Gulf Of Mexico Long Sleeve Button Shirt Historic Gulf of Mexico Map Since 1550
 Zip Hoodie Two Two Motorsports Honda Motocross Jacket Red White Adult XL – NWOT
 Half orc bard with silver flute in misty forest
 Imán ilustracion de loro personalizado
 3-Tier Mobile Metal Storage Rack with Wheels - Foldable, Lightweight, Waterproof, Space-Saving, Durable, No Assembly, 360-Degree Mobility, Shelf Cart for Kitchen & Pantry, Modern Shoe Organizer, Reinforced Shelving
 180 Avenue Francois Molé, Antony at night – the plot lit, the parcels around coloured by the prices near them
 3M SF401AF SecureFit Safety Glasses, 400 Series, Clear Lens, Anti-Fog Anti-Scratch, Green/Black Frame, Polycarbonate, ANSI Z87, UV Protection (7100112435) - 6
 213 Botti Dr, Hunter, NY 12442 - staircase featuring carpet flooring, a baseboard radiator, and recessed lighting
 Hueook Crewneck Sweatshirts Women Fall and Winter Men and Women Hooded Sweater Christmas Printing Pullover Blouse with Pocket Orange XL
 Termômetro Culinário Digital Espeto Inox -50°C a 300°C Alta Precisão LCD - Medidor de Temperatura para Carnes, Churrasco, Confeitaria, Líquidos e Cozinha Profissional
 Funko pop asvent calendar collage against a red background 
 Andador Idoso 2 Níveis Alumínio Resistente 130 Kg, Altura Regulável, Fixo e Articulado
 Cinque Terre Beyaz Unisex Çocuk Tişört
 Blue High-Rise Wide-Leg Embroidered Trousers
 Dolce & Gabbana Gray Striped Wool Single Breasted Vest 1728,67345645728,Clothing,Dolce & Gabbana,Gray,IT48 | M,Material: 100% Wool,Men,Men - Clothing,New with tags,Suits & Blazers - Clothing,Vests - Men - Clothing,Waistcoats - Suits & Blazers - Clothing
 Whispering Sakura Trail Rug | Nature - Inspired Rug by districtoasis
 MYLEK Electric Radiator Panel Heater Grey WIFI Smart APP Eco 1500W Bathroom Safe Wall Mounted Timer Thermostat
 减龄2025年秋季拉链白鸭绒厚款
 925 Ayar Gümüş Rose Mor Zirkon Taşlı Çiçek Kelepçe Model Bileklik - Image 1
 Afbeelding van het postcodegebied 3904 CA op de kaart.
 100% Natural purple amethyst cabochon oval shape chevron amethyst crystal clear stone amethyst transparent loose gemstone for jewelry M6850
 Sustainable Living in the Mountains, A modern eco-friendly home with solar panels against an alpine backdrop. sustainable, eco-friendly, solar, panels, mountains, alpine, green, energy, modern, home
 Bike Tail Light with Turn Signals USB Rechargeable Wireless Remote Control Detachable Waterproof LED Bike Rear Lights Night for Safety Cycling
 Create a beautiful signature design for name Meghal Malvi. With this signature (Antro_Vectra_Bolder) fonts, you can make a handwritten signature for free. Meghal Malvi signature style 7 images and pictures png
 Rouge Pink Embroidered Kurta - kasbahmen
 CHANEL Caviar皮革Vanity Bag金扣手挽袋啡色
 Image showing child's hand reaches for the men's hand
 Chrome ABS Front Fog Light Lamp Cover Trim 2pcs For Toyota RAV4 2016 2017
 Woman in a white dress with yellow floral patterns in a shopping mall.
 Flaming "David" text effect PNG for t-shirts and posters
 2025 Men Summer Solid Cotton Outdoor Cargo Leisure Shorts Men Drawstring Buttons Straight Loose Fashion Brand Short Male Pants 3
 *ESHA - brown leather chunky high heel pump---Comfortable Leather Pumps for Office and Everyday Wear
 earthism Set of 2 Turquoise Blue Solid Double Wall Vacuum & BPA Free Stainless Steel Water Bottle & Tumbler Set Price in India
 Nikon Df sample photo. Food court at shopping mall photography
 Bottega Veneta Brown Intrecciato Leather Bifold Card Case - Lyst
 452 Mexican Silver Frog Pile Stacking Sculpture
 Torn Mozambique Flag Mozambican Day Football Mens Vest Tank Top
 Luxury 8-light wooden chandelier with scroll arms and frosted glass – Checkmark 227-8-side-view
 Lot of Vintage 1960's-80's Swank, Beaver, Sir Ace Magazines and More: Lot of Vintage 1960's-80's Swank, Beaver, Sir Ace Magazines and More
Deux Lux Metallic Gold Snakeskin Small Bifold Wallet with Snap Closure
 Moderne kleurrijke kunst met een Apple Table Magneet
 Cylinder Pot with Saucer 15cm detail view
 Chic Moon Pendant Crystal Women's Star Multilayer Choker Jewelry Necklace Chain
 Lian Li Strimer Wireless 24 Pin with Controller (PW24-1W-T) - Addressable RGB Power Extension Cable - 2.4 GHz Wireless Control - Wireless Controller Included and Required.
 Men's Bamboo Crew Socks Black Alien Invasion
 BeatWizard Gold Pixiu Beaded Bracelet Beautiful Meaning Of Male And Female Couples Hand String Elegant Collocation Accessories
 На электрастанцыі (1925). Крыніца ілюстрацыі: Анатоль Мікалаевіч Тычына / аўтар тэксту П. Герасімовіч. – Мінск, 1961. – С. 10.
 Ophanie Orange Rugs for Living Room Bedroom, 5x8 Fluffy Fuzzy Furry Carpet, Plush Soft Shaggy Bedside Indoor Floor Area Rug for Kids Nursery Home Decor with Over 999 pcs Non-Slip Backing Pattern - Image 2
= = =
Among the lines of the preceding data, which ones hold the word "Waterproof"? List them.

 3-Tier Mobile Metal Storage Rack with Wheels - Foldable, Lightweight, Waterproof, Space-Saving, Durable, No Assembly, 360-Degree Mobility, Shelf Cart for Kitchen & Pantry, Modern Shoe Organizer, Reinforced Shelving
 Bike Tail Light with Turn Signals USB Rechargeable Wireless Remote Control Detachable Waterproof LED Bike Rear Lights Night for Safety Cycling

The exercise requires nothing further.